* **DIRECTIONS FOR THIS TASK**
Using the records below, copy exactly the part that opens with the line holding "8848 Overunder Ln, Middleton, ID" and closes with the line holding "Fleece Cropped Sweatshirt", minus the pictures.

* **SUPPLIED MATERIAL**
---*---
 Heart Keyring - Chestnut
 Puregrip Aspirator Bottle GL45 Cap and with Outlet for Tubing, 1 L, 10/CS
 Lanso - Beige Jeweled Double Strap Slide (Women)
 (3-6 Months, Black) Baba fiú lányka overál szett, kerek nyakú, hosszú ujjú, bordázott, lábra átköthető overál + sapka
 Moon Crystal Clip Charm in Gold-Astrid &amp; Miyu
---*---
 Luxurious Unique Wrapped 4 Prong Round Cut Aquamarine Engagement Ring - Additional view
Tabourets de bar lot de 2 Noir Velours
---*---
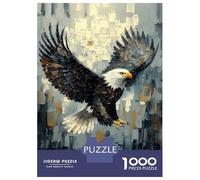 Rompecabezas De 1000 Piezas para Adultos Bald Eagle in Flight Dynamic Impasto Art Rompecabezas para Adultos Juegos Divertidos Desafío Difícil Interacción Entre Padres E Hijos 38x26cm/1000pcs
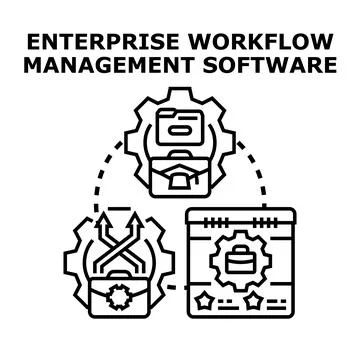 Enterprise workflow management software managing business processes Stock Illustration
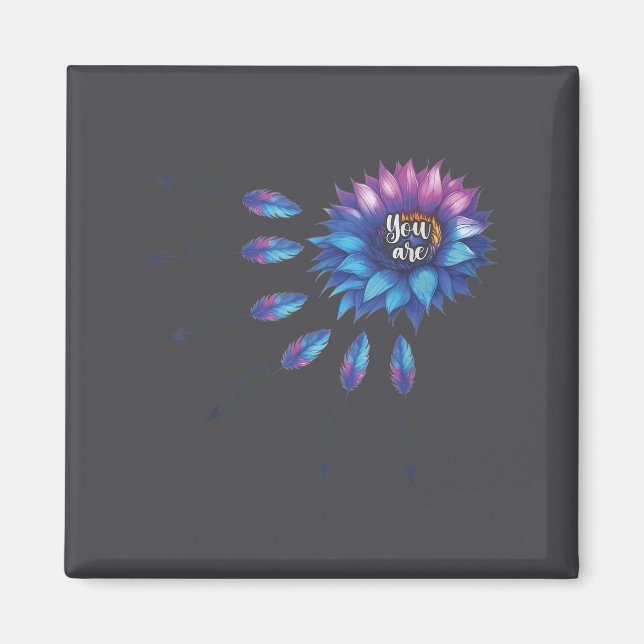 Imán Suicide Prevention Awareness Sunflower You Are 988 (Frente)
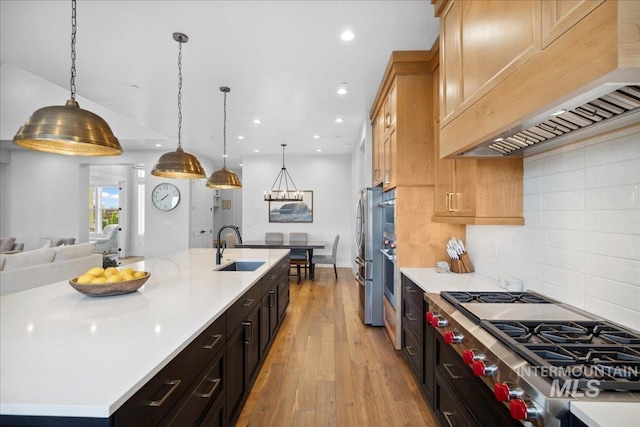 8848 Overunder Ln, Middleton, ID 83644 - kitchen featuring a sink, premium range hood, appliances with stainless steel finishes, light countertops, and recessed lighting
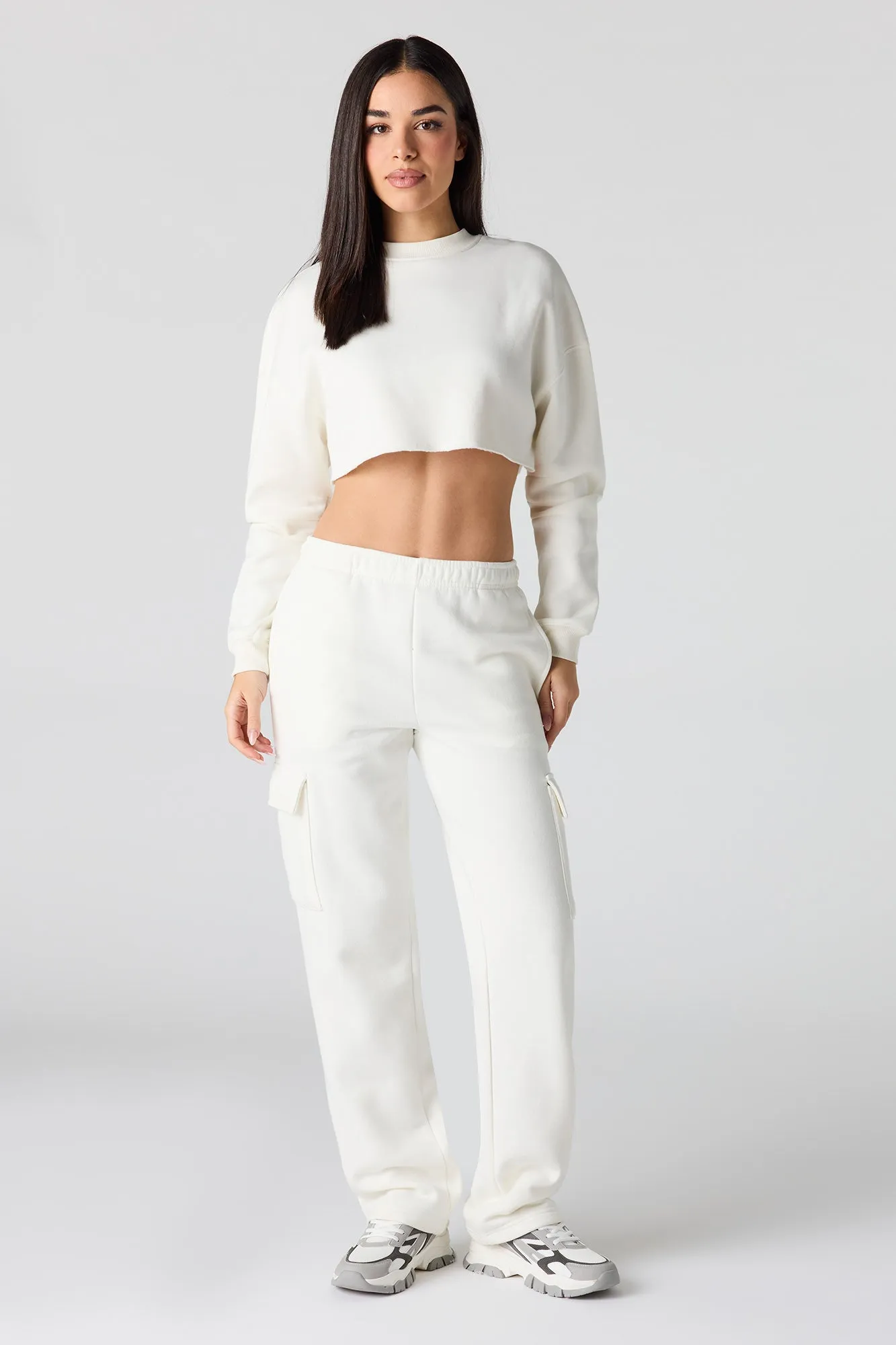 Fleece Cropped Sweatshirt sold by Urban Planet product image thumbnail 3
---*---
* **SOLUTION TO THE EXERCISE**
 8848 Overunder Ln, Middleton, ID 83644 - kitchen featuring a sink, premium range hood, appliances with stainless steel finishes, light countertops, and recessed lighting
 Fleece Cropped Sweatshirt sold by Urban Planet product image thumbnail 3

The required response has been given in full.